Let’s wait for the official experts to take a look.

| username: forever | Original post link

How about tracing the SQL?

| username: heming | Original post link

After adjusting the relevant TiKV weight according to the information in the TiDB error log, there is now some response.

| username: heming | Original post link

How did you trace it? Is there a relevant documentation URL?

| username: tidb狂热爱好者 | Original post link

First, stop the TiDB frontend service, then add and execute the second limit.

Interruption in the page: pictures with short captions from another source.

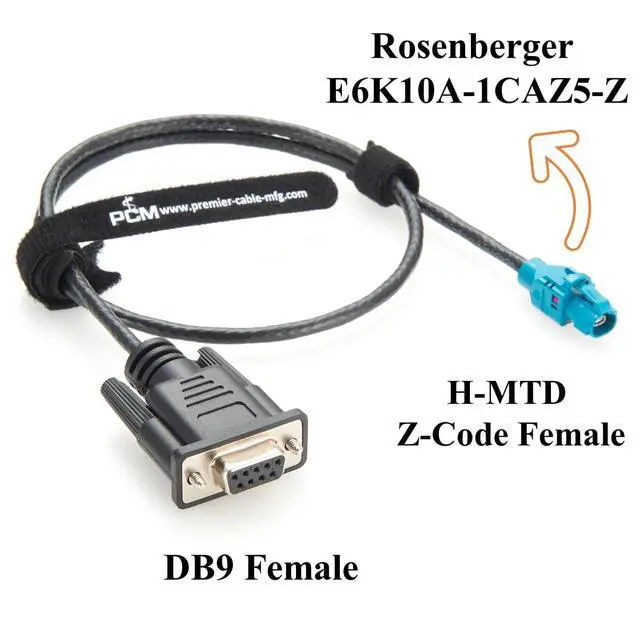 Alt view image 3 of 6 - Original Rosenberger E6K10A-1CAZ5-Z H-MTD Female to DB9 RS232 Female Cable 100/1000Base-T1 Automotive Ethernet Diagnostic Cable for CAN Bus, ECU Testing, OBD-II Interface(0.62m)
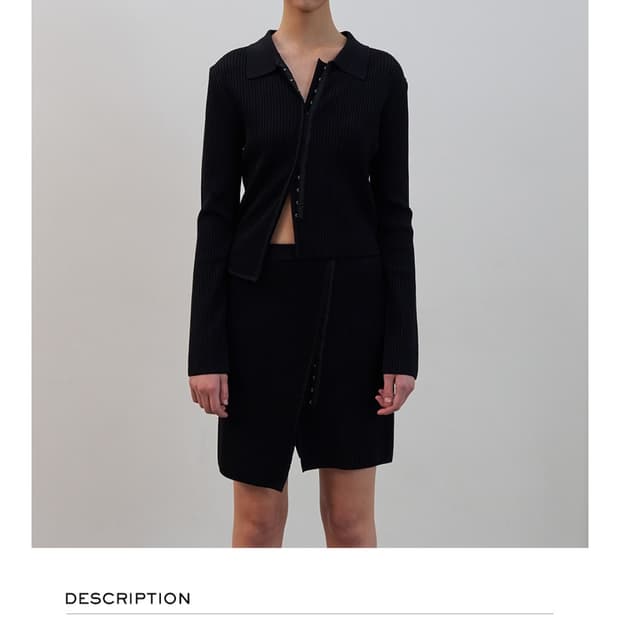 엘씨디씨 언발란스 니트 가디건 블랙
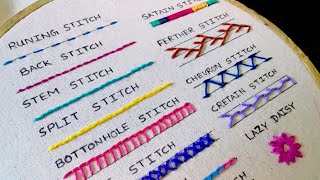 15 Basic Hand Embroidery Stitches Sampler For Absolute Beginners [upl. by Winni]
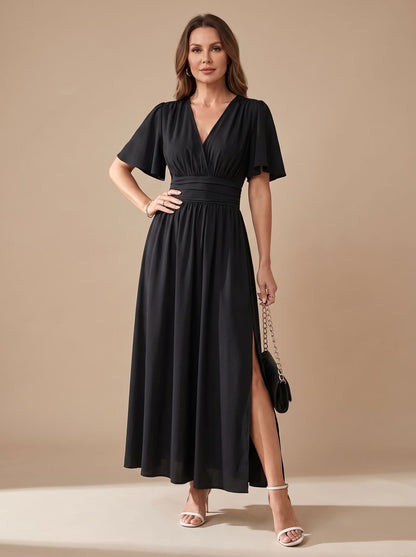 Women's V-Neck Flutter-Sleeve High-Waist Maxi Dress with Side Slit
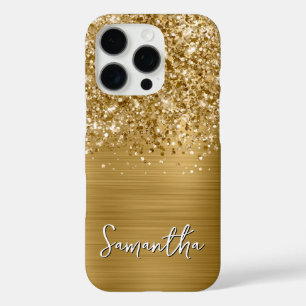 Glitterige Gouden Glam Naam iPhone 16 Pro Hoesje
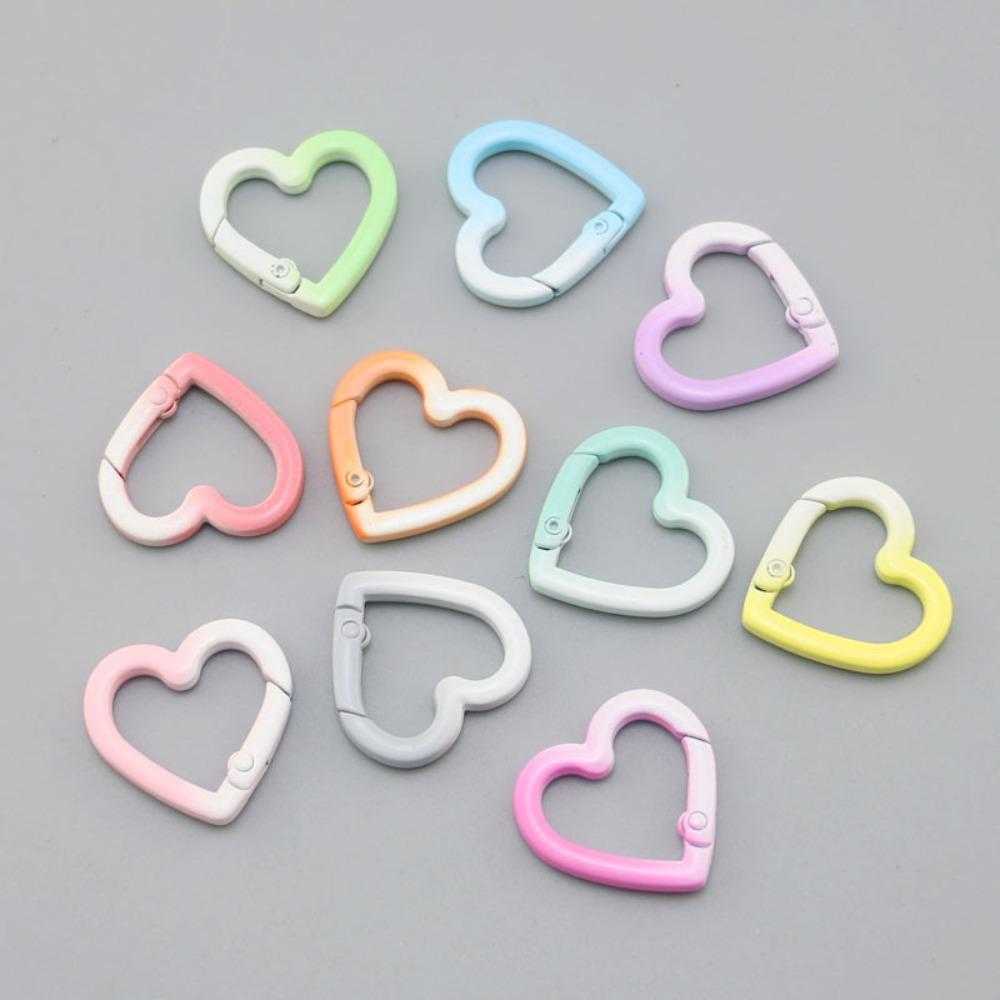 10pcs Ornament Heart Shaped Carabiner Hook Rings Gradient Color Openable Spring Clasp DIY Jewelry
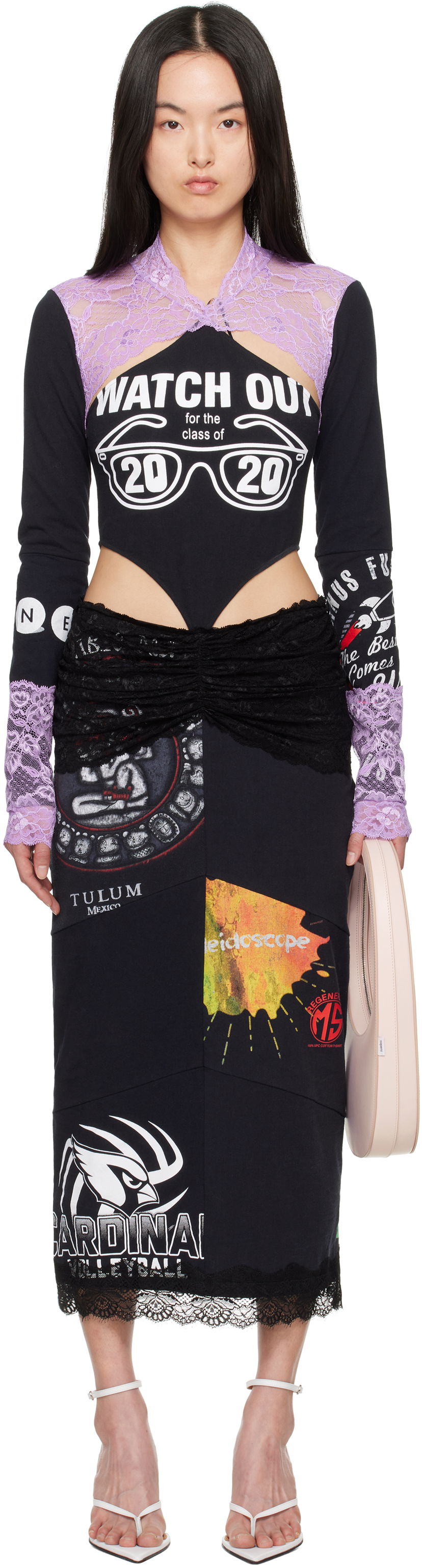 Obleke Marine Serre Marine Serre Regenerated T-Shirt & Lace Midi Dress Črna | WDR354A UJER0003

| username: xiaohetao | Original post link

What were the original values of LEADER-WEIGHT and REGION-WEIGHT in the cluster? If they were default values, according to the parameter description below, does adjusting them reduce the number of leaders on this store and increase the number of regions?

| username: system | Original post link

This topic was automatically closed 60 days after the last reply. New replies are no longer allowed.